21 スウェーデンのリチウム電池メーカーのノースボルトのCEOが、2023年初めに「EUより米国での事業拡大を優先する状況にあるかもしれない」と発言したことで波紋が広がったが、その後、EUが打ち出した「グリーン・ディール産業計画」の「暫定危機・移行枠組み(TCTF)」により助成が受けられる見通しとなったことで、計画が前進した(「ノースボルトの北ドイツ蓄電池工場プロジェクトに大きな進展」ジェトロ・ビジネス短信2023年5月23日)
( EUから中国への直接投資 )
Kratz et al (2022)は、欧州から中国への投資では、中国国内で大規模に事業を展開している少数の大企業の積極的な中国事業拡大への姿勢と様子見を続けるその他の企業との温度差22を指摘している。

積極的な企業の代表格とされるのがドイツの3大自動車メーカーと化学メーカーBASFである。これらの企業が中国で投資を拡大する動機として、(1)経済的・地政学的な逆風にも関わらず、高収益が続くことを期待している、(2)過去の投資の価値を守り、EVなどの領域で中国国内の競争上の優位を確立するためには、中国国内での投資と製品開発が必要と考えている、(3)中国事業を切り離し、ローカル化することで、リスクを削減しようとしているという3つを挙げている。
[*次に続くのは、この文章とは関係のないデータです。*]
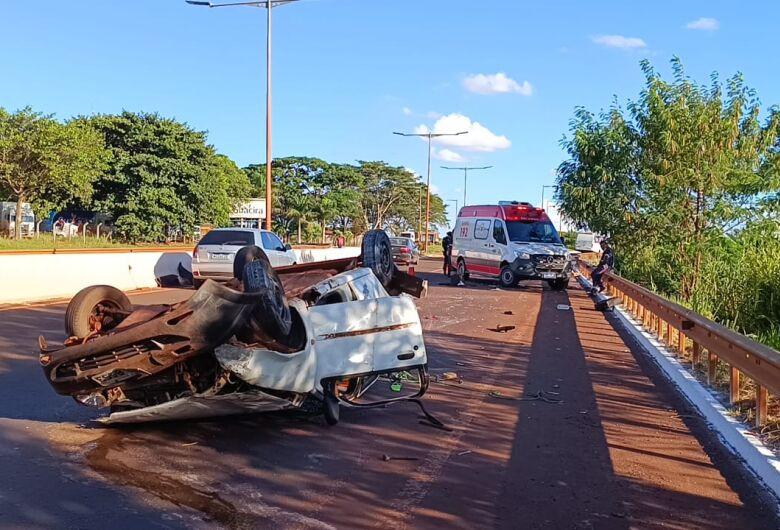 Mulher morta em acidente na MS-156 estaria grávida, segundo socorristas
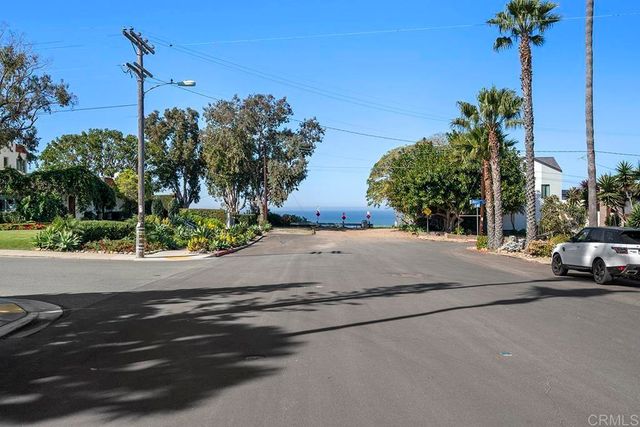 4443 Del Monte Avenue, San Diego, CA 92107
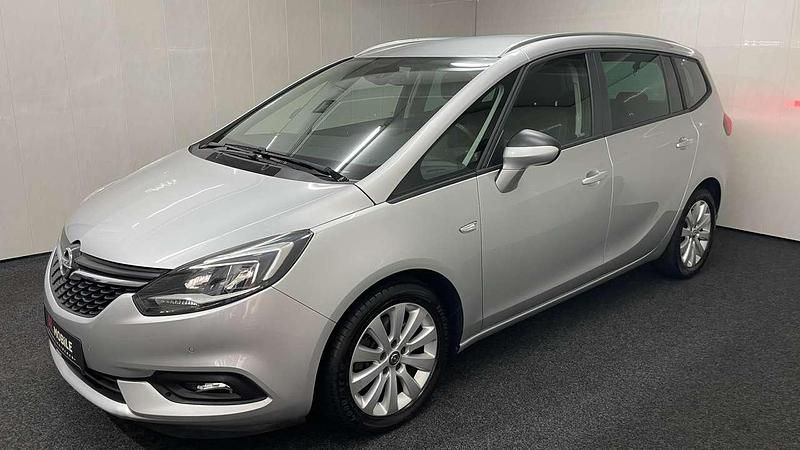 Argon silber/ice silver (m2) Gebraucht 2017 Opel Zafira Van / Kleinbus | 14.000 € (Etwas zu teuer) - Bild 1/4
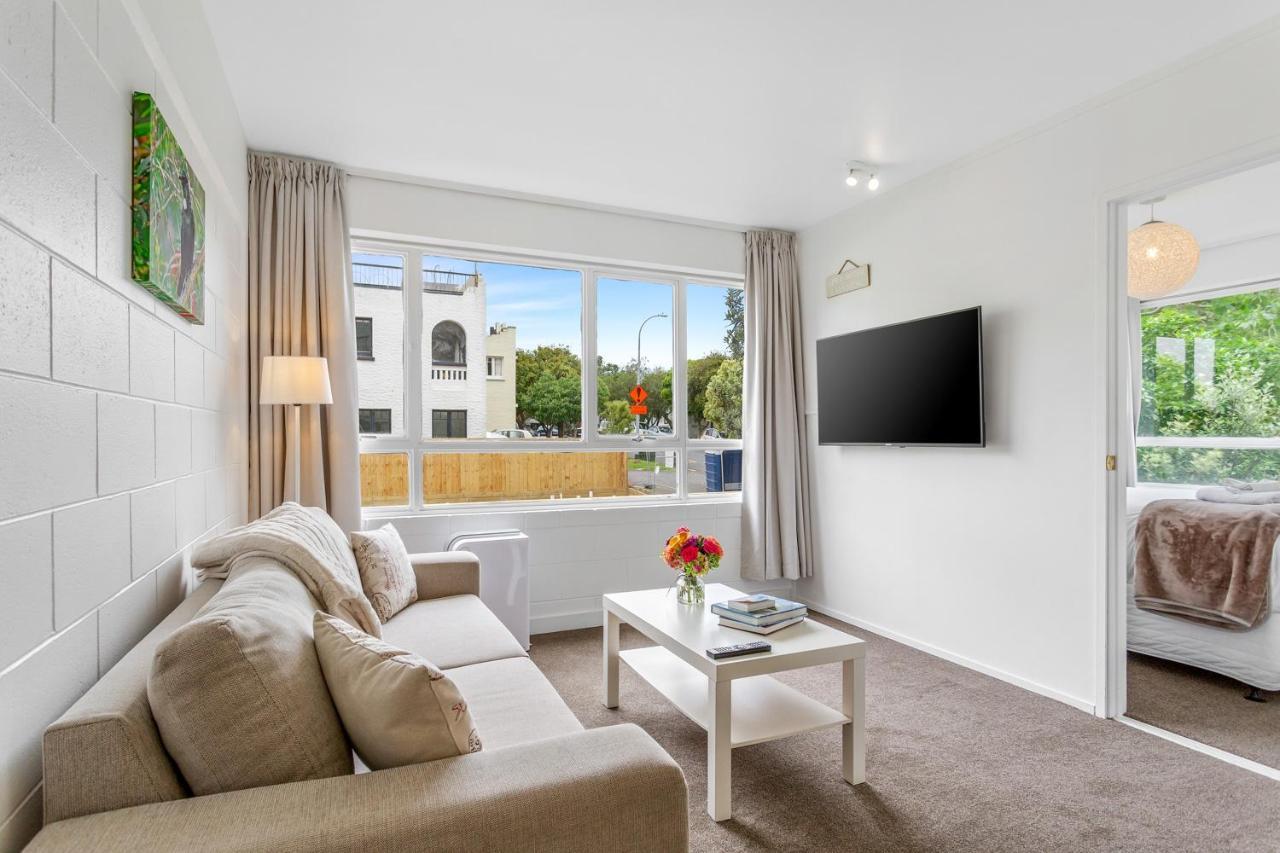 One Bedroom Apartment, Heart Of Newmarket Auckland Esterno foto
Matthes(2024)23も、同様に、ドイツの対外直接投資に占める中国(香港を含む)の割合は2014年以来で最高水準となるなどデリスキングとは逆行するような動きが見られる。一方、投資をASESANなどに分散するチャイナプラスワンの動きは見られないこと、中国への投資は大企業「収益の再投資」が牽引しており、中小企業の投資意欲は鈍いことなどを指摘している。
 
22 Agatha Kratz, Noah Barkin and Lauren Dudley (2022) “The Chosen Few: A Fresh Look at European FDI in China” September 14 が過去10年間の欧州から中国への直接投資の分析を基に指摘した。 Robbie Jarvis “EU-China trade and investment: unbalanced and well below potential” 12 Apr 2023でも、投資の大企業への集中度が高く、新規投資は事実上停止していとしている。
23 Jürgen Matthes(2024)“Deutsche Direktinvestitionen nach China und Hongkong auf neuem Höchststand –  von Diversifizierung kaum eine Spur” IW-Kurzbericht, Nr. 7, Köln。

(2024年07月11日「ニッセイ基礎研所報」)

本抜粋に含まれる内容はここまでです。